As consumers of the API, what do you think of the PyBufferFlags type which encodes the request and what fields from the exporter are meaningful in the type system. See e.g. #5894 (comment) - if the buffer request didn't ask for shape information, then .shape() accessor is not available, for example. I think we've cooked up something pretty nice here, though it would be nice to know whether others agree before we merge it 😅

That does look cool.

For my usage I tend to want to expose an input Python buffer as either Bytes or an Arrow Buffer. See for example FromPyObject for my PyBytes, which then I (unsafely) implement AsRef<[u8]> so that I can interpret the Python memory region for Bytes::from_owner.

I think this is sound if the Python user doesn't mutate the buffer while the Rust code is running? My use cases usually expect immutable buffers, even though there's no invariant to force that.

I don't think I'd have much benefit from a FnOnce closure that can access the Python region just once, even though that does look safer than my usage.

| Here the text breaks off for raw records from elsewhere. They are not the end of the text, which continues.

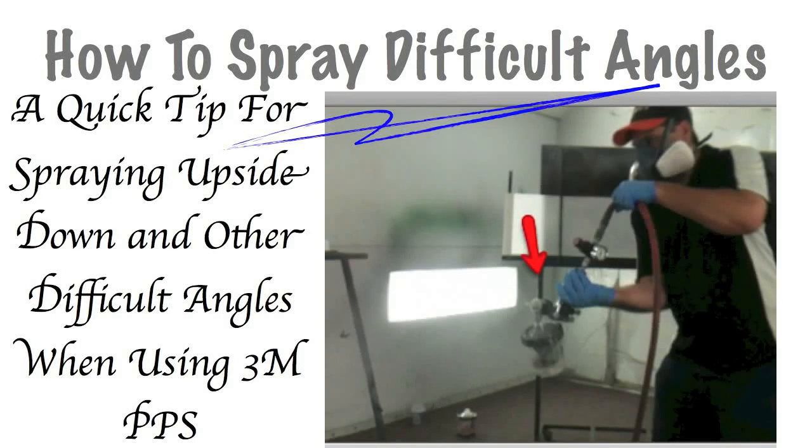Hey, this is Donnie Smith, and today I'm going to give you a quick tip of how you can spray at difficult angles and even spray upside down. You can see in this picture — you can't really see the spray real good in this photo, but I am spraying upside down.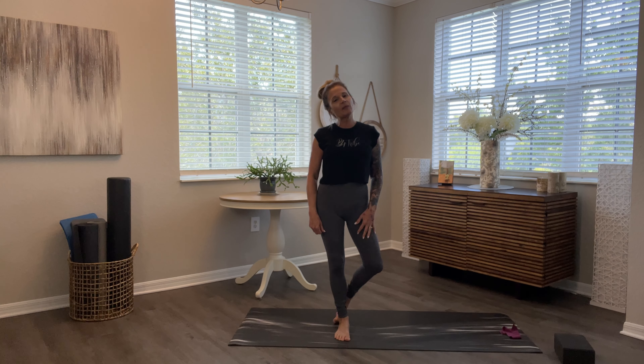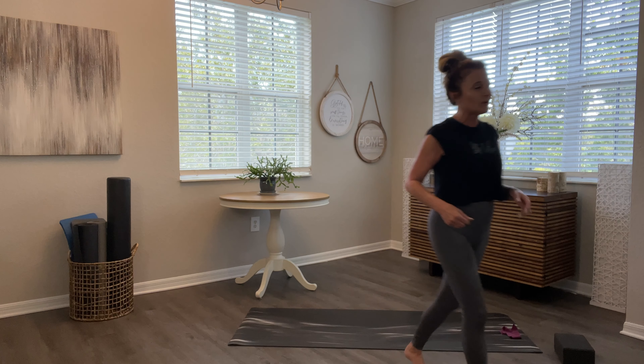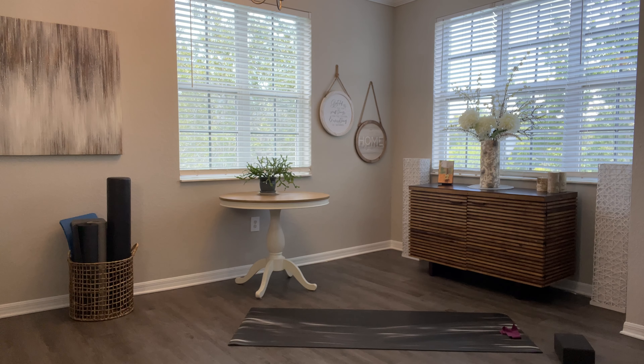Hey guys, I'm Marianne with Beyond the Bar by the Bay. This video contains the exercises from week two of Swimsuit Swagger 2022. I wanted everybody to feel amazing and feel the best that they can in their swimsuits this summer. The challenge went from Memorial Day until the 4th of July. Grab a block if you have it, or a book, and grab a resistance band if you have that. Let's pop some music on and get going with our first exercise.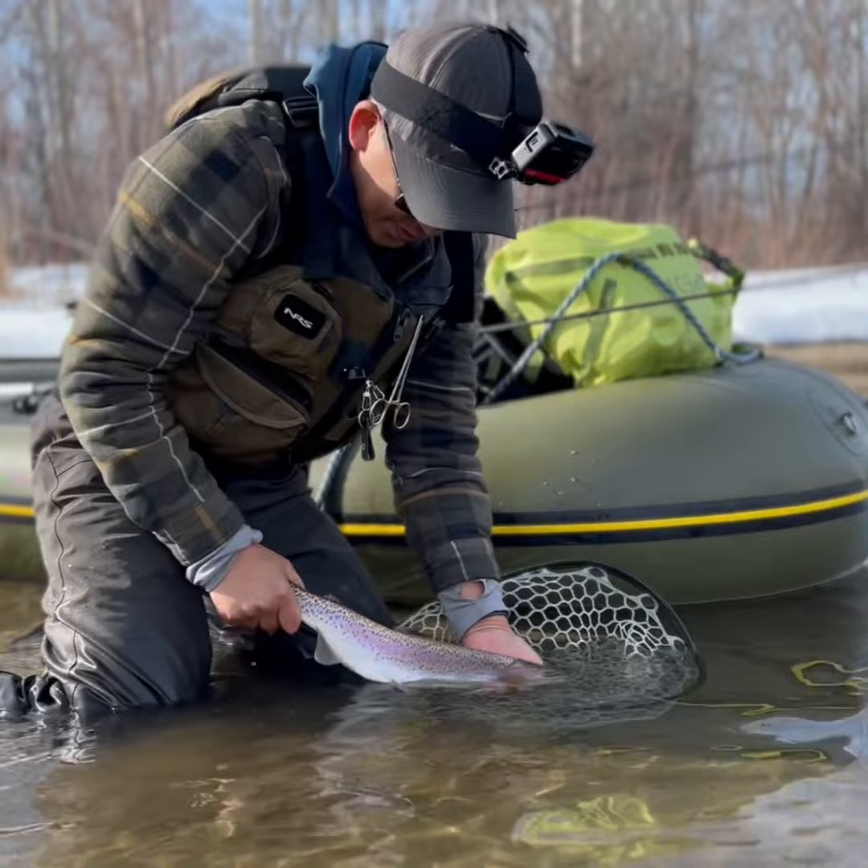Oh my God, Mark, that is a beautiful fish. Euro-nymphing or not, that's a nice fish. Gorgeous.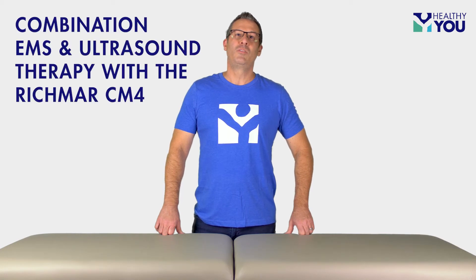Hello, I'm Scott with Healthy U, and I'm going to show you how to use your Richmar CM4 unit for combination EMS and ultrasound therapy in 12 easy steps.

winstxnhdw · 2026-04-14T04:09:17Z

I've also been thinking if we could implement the extractor for the view buffers. It would definitely be nicer to use. I'll investigate.

davidhewitt

Thanks, some responses to the PyBufferFlagsImpl changes.

davidhewitt · 2026-04-14T07:40:13Z

+
+/// Type-safe buffer request flags. The const parameters encode which fields
+/// the exporter is required to fill.
+pub struct PyBufferFlags<


It doesn't seem too bad to me, what bit do you dislike?

If you don't like the name FlagsImpl, one thought I have is that we could rename PyBufferFlags -> PyBufferRequest and PyBufferFlagsImpl -> PyBufferFlags.

"Compound Requests" is the term given in the Python docs for the flag combinations, after all.

See also my other comment on .format() method which might hide many of the uses of FlagsImpl if applied to all possible patterns.

davidhewitt · 2026-04-14T07:44:15Z

+    /// A [struct module style](https://docs.python.org/3/c-api/buffer.html#c.Py_buffer.format)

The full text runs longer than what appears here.